What a capsized canoe taught me about gratitude (and why I won’t stop talking about it)

Gratitude

gratitude

10 years ago, if you had asked me what the theme of my life was, I would’ve said survival. With three children under the age of three, multiple ministry moves, 17 different houses, struggling to make ends meet and trying to figure out what I wanted to be when I grew up, it was all about survival.

 

Of course, by God’s grace I did survive but I wanted to do more than just survive. In my mind, survival looked like hanging onto a rope, dangling over an abyss and not letting go. I preferred to climb that rope and end up on top of the mountain enjoying the view.
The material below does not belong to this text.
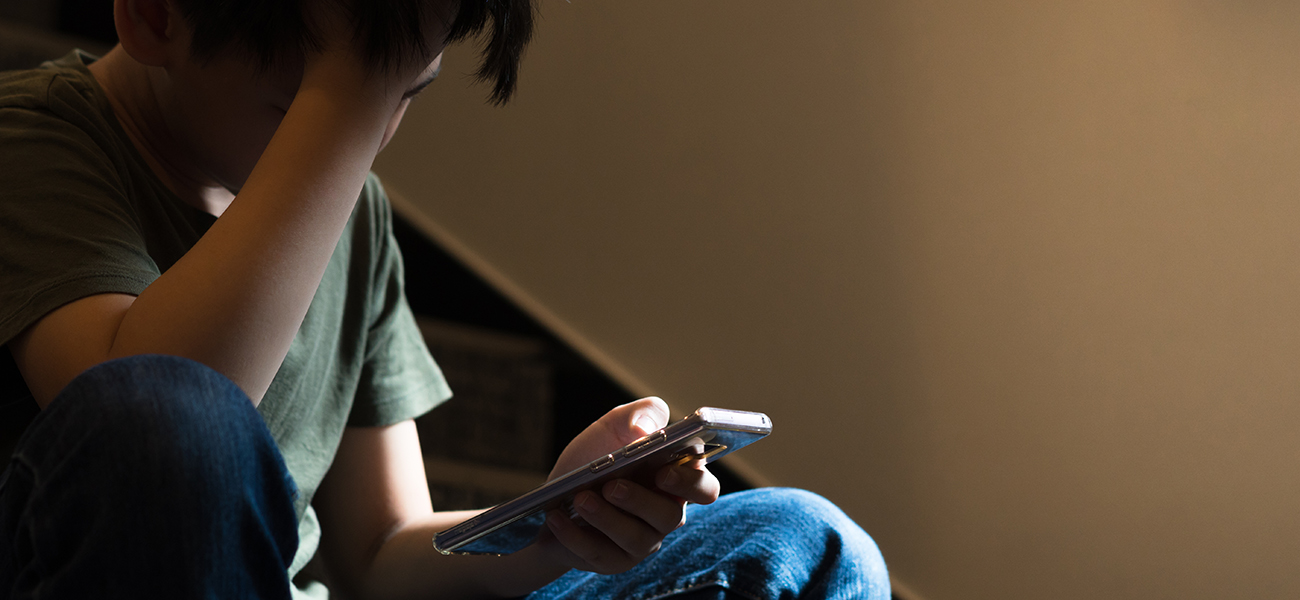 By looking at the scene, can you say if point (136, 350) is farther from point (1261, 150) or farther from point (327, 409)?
point (1261, 150)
Gratitude was the key that took me from surviving to thriving.

 

Gratitude gradually became my life’s theme

 

I write about gratitude a LOT. So why am I writing about this again, you ask?

 

I guess because I keep thinking about the Bible verse, “What I tell you in the darkness, speak in the light’ and what you hear whispered in your ear, proclaim on the housetops.” Matt 10:27.

Yeah, I know that’s a little out of context, but this blog? It’s my housetop and this former woe-is-me-woman can’t help but shout, “Look what the Lord has done! He healed my body he touched my mind, he saved me just in time!”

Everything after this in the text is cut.